Large scale Deep learning techniques to monitor the openness of research data and software in France
Public policies on open science are increasingly promoting the sharing of research datasets and software. As a consequence, more and more countries and funders want to monitor the openness of the publications, research data and software produced. In this context, in addition to the monitoring of open access to publications available since 2019, France has implemented a large-scale analysis of scientific publications to track the openness of these important research products at national level.
Our method is based on state-of-the-art machine learning and document engineering techniques. It combines PDF full-text harvesting, document structuring, dataset and software mention detection, context characterization and corpus level aggregation.

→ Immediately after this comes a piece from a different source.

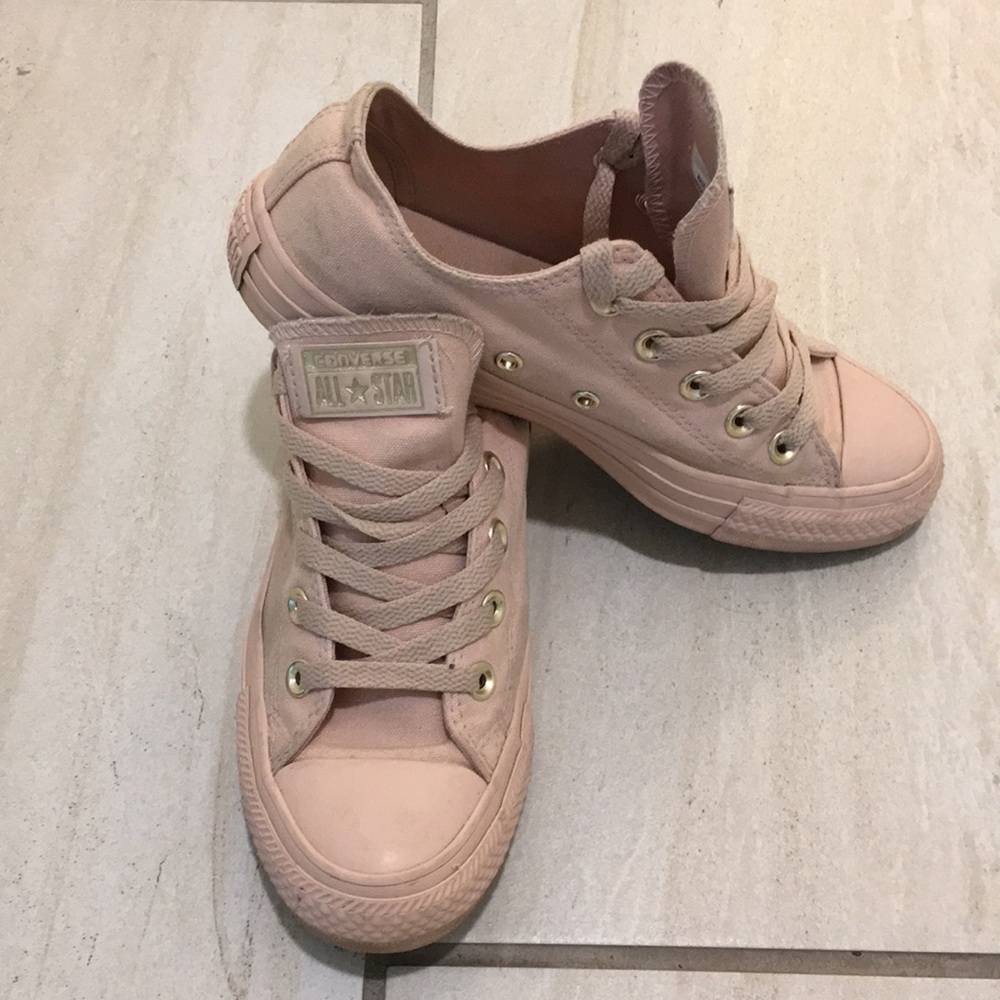 Low-top Converse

Applying text mining techniques on full texts brings many advantages in terms of coverage and adaptability. Our method can be applied in particular to any corpus of publications of geographical regions, institutions or disciplines. The accuracy of text mining has improved significantly recently thanks to Deep Learning. Combined with negative sampling techniques to address mention sparsity and false positives, the F1 evaluation scores obtained on real distribution of publications reach 80%.
This method has been applied at the national-scale over around 700k publications.

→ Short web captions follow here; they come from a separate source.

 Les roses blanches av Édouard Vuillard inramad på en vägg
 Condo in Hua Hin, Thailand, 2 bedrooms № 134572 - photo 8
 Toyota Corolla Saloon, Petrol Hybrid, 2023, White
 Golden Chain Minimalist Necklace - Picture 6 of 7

The annotations produced at the document level are then used by the French Open Science Monitor (https://frenchopensciencemonitor.esr.gouv.fr/) to track the openness of research datasets and software, in the context of the second National Plan for Open Science.
The source code and the data of the French Open Science Monitor, as well as all the associated tools and training datasets, are available under open licences.

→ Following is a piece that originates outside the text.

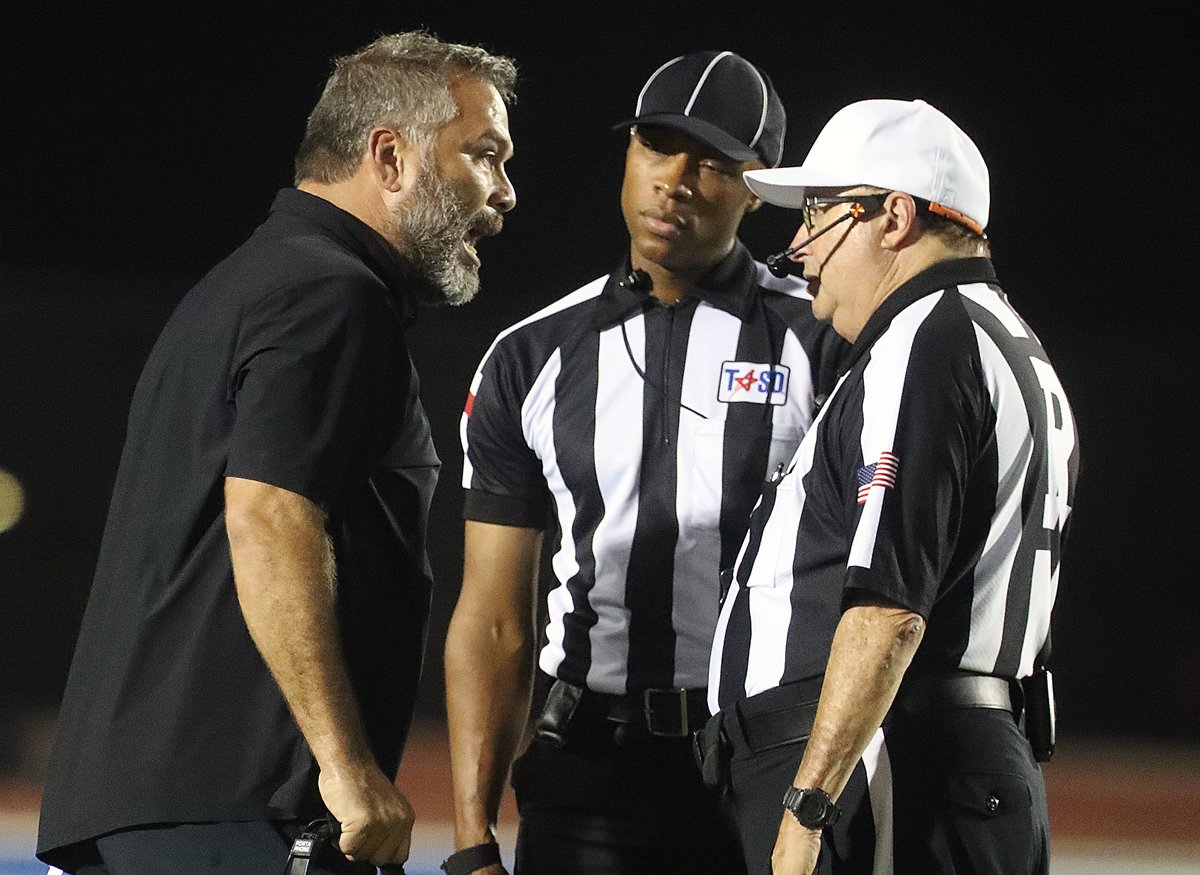 monitorphoto's tweet photo. Photo Gallery: PSJA North loses to Boerne-Champion in controversial area playoff game 24-21. More photos @>>>https://t.co/lntWl9YDgr #RGVFootball #txhsfb https://t.co/4Wv7lKfTxe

Our demonstration will start with the visual annotation of a scholar PDF by the software mention detection tool called Softcite https://cloud.science-miner.com/software and the dataset mention detection tool DataStet. Then, we will present the results of an additional context classification of the mentions used to track the proportion of publications that use, produce and share research datasets and software. The exploitation of these results to create indicators in the “BSO” monitoring tool at scale, resulting from the processing of around 700K research publications from France. The web interface https://frenchopensciencemonitor.esr.gouv.fr/research-data/general shows these indicators, for each publication year since 2013, and for each discipline.
Results show in particular that 22% of French publications published in 2021 mention the sharing of their data, and that 20% of the French publications published in 2021 mention the sharing of their code or software.
The machine learning modules for software and dataset detection are open source as well as the rest of the code and data produced during this work. We hope and encourage others to use and adapt theses tools and framework to monitor the production and openness of dataset and software.